For each line of the data below that holds "Bright", copy the line.

-- MATERIAL FOR THIS EXERCISE follows --

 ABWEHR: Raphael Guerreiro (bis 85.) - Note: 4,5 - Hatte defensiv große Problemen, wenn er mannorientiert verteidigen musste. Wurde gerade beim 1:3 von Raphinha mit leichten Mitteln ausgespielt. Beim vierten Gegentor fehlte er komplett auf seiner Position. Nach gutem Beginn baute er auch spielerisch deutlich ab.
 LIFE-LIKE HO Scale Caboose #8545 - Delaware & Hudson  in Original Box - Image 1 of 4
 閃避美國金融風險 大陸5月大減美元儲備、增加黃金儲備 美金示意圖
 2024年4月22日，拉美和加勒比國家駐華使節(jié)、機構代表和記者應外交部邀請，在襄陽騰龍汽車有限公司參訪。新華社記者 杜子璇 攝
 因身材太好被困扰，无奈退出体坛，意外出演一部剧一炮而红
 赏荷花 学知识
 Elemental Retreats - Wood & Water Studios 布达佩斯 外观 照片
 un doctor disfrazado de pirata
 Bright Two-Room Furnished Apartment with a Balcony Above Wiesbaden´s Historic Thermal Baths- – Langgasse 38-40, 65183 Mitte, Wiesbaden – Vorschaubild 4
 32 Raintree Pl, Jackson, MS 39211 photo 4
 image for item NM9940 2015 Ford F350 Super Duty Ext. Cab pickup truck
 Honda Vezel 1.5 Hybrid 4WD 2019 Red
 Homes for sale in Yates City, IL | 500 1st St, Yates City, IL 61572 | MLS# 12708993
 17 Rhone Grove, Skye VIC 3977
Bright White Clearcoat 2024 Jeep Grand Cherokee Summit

-- MATERIAL FOR THIS EXERCISE concluded --

__OUTPUT OF THE EXERCISE__
 Bright Two-Room Furnished Apartment with a Balcony Above Wiesbaden´s Historic Thermal Baths- – Langgasse 38-40, 65183 Mitte, Wiesbaden – Vorschaubild 4
Bright White Clearcoat 2024 Jeep Grand Cherokee Summit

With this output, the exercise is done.